Records from a data source =>
------------------------------
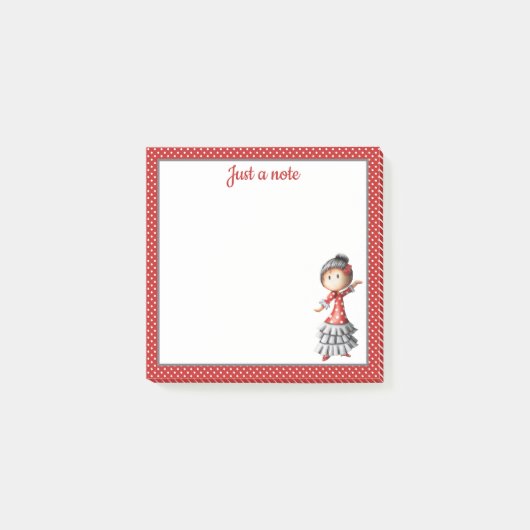 Red Spain Sevillana Flamenco Dancer Personalized Post-it® Notes (Voorkant)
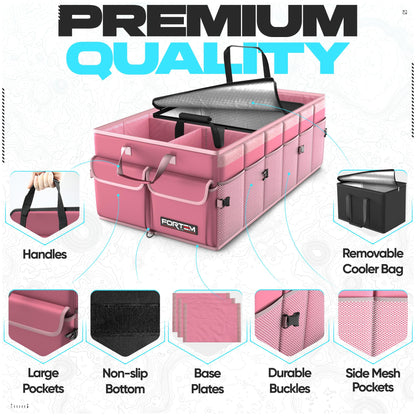 FORTEM Car Trunk Organizer, Collapsible Multi Compartment Car Organizer, Foldable SUV Storage for Car Accessories for Women Men, Non Slip Bottom, Securing Straps, Soft Cover 50L (Black, Standard)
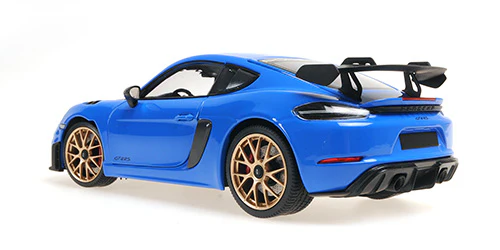 Minichamps 2024 Porsche 718 Cayman GT4 RS w/ Weissach Package Shark Blue 1:18 - Image 4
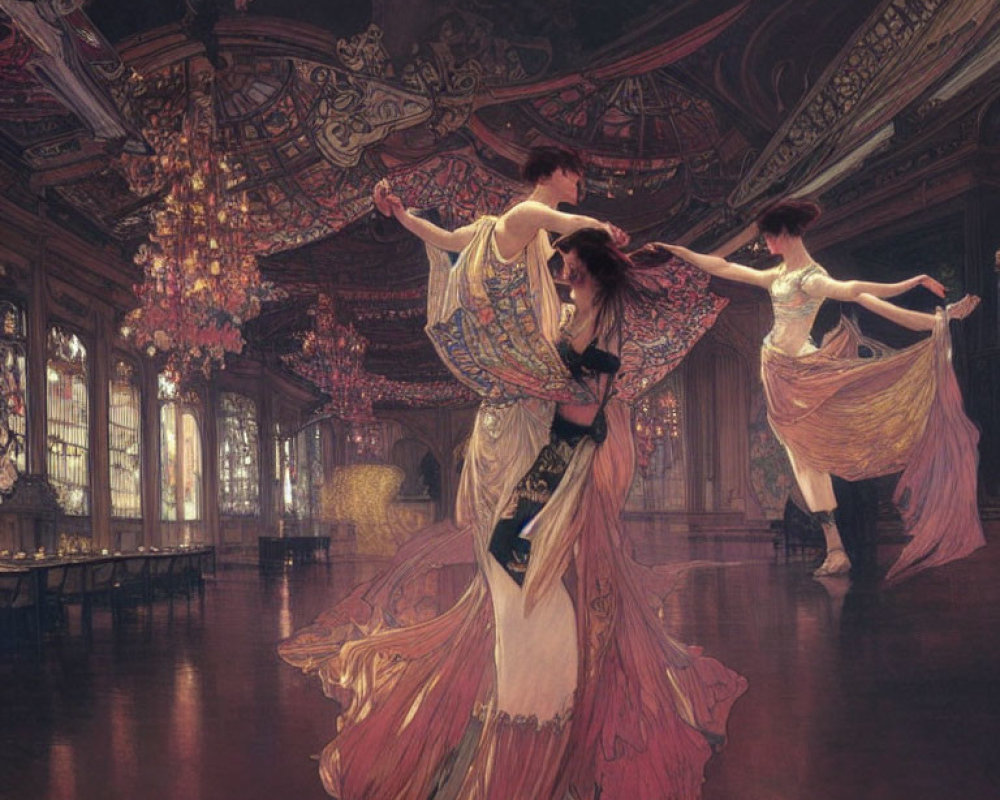 Elegant women dancing in ornate ballroom with chandeliers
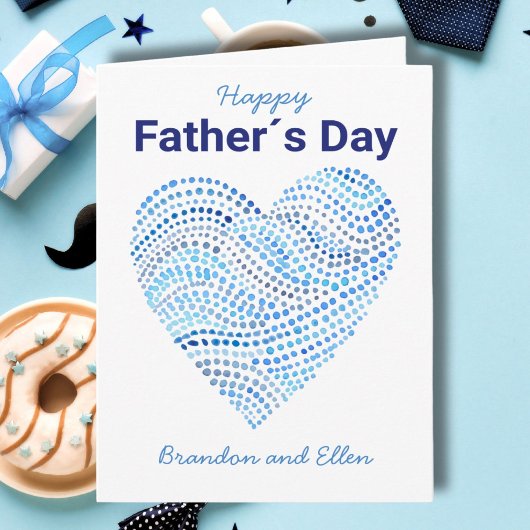 ブルーウォーターカラードットハート父の日 カード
------------------------------
ACTIVITY => The required output is every line from the one containing "Minichamps 2024 Porsche" through the last line of the data above, restated exactly and without pictures.

PROBLEM SOLUTION =>
 Minichamps 2024 Porsche 718 Cayman GT4 RS w/ Weissach Package Shark Blue 1:18 - Image 4
 Elegant women dancing in ornate ballroom with chandeliers
 ブルーウォーターカラードットハート父の日 カード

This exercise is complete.